# Arsenal partnering with CashBet to launch ICO!



## Brendan Burgess (24 Jan 2018)

This must be the equivalent of the shoe shine boy giving stock tips. 

*Arsenal Is Getting Into Crypto World. Sort of*


London’s Arsenal Football Club, one of the world’s best-known soccer teams, is lending its name to promote a new digital token sold by a developer of gambling platforms.

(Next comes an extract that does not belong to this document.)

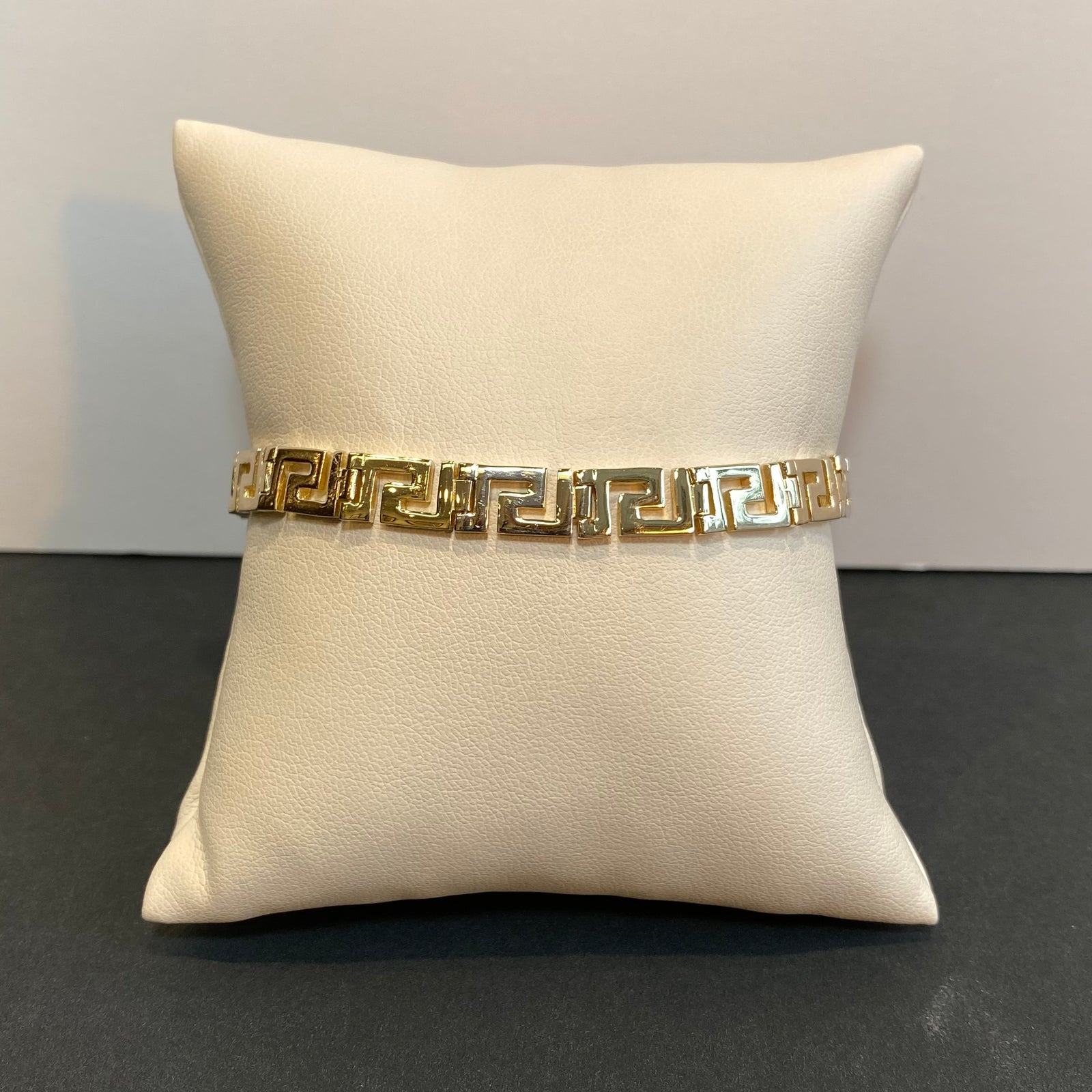 greek key bracelet yellow gold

CashBet Inc. says it plans to raise $40 million to $70 million in a sale of CashBet Coins set to begin Wednesday. Its [broken link removed] promoting the digital token features the English Premier League team’s crest and players, while the club describes CashBet as its “first official cryptocurrency partner.”


----------



## odyssey06 (24 Jan 2018)

It'll surge ahead making gains by Christmas, out pacing all other cryptos, before a March collapse...


----------



## DB74 (24 Jan 2018)

odyssey06 said:


> It'll surge ahead making gains by Christmas, out pacing all other cryptos, before a March collapse...



Ha Ha

Don't forget a rumour in January that they about to buy Bitcoin


----------



## Leo (24 Jan 2018)

Not quite as bad as these other 'crypto' endeavours.


----------



## MrEarl (4 Feb 2018)

odyssey06 said:


> ....before a March collapse...



Isn't that pretty much how Arsenal do on the football pitch also ?


----------